Give back the exact lines of the material below from the one containing "Studio Paolo Open" through the one containing "Dieser Woll-Body von", and no pictures.

Start of EXTRACTED MATERIAL

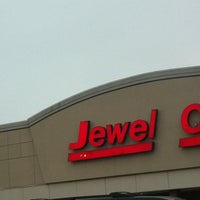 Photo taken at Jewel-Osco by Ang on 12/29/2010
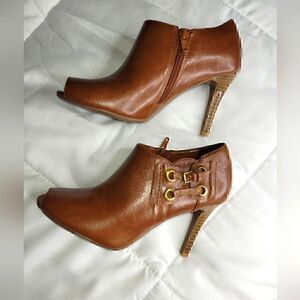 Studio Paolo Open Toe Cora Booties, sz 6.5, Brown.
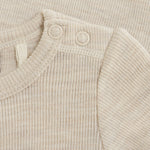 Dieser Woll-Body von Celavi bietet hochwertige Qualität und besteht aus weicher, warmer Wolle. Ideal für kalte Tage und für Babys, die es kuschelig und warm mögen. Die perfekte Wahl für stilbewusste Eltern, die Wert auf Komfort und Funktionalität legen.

End of EXTRACTED MATERIAL
Start of EXTRACTED MATERIAL

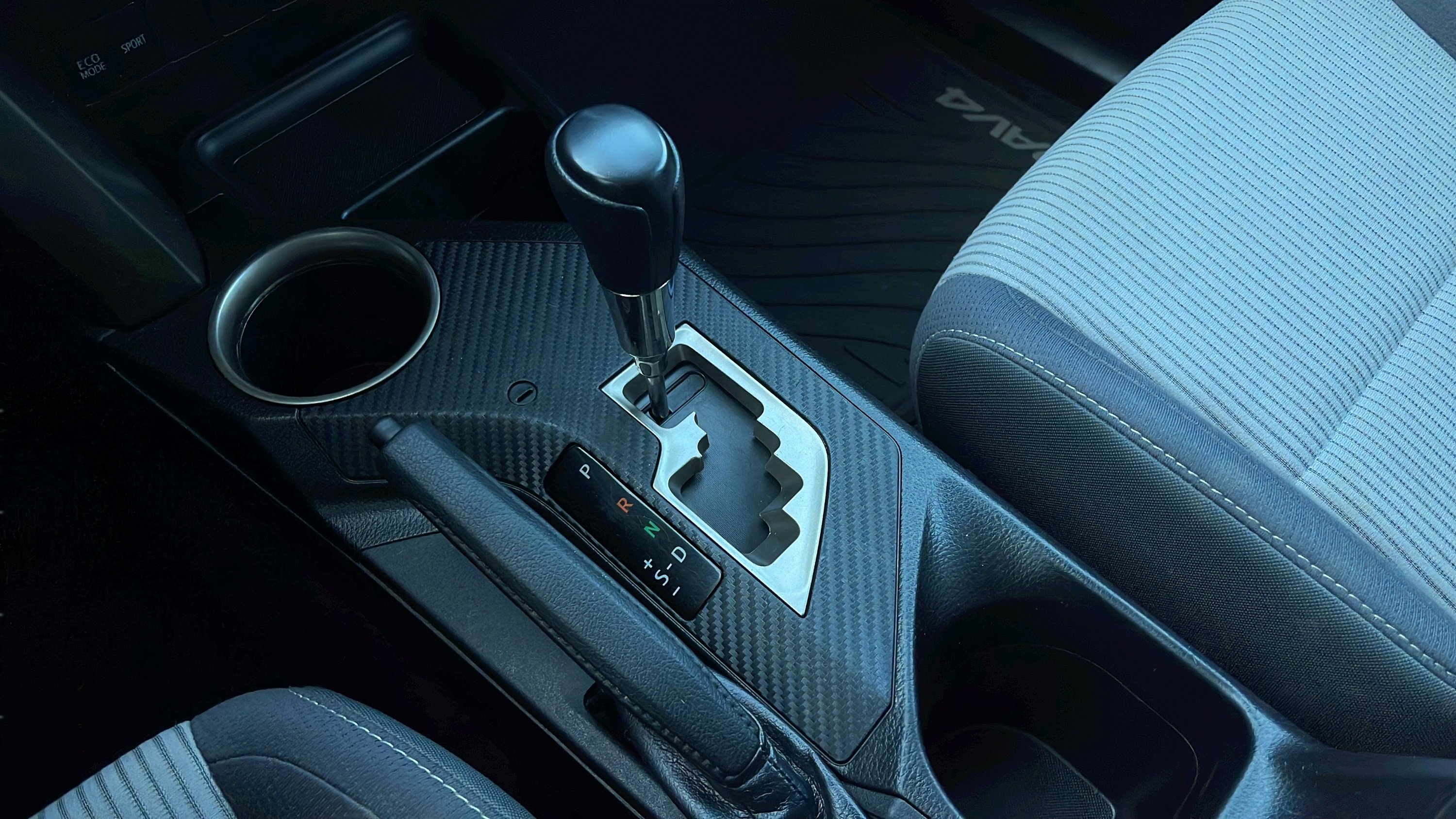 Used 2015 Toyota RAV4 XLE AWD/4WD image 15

End of EXTRACTED MATERIAL
Start of EXTRACTED MATERIAL

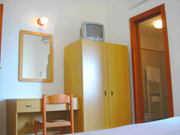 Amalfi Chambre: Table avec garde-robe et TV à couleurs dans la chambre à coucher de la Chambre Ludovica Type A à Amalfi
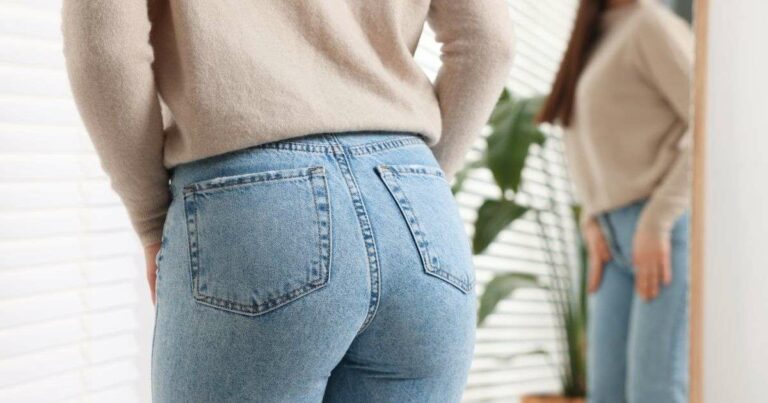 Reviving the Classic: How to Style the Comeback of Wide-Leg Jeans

End of EXTRACTED MATERIAL

* **EXERCISE OUTPUT**:
 Studio Paolo Open Toe Cora Booties, sz 6.5, Brown.
 Dieser Woll-Body von Celavi bietet hochwertige Qualität und besteht aus weicher, warmer Wolle. Ideal für kalte Tage und für Babys, die es kuschelig und warm mögen. Die perfekte Wahl für stilbewusste Eltern, die Wert auf Komfort und Funktionalität legen.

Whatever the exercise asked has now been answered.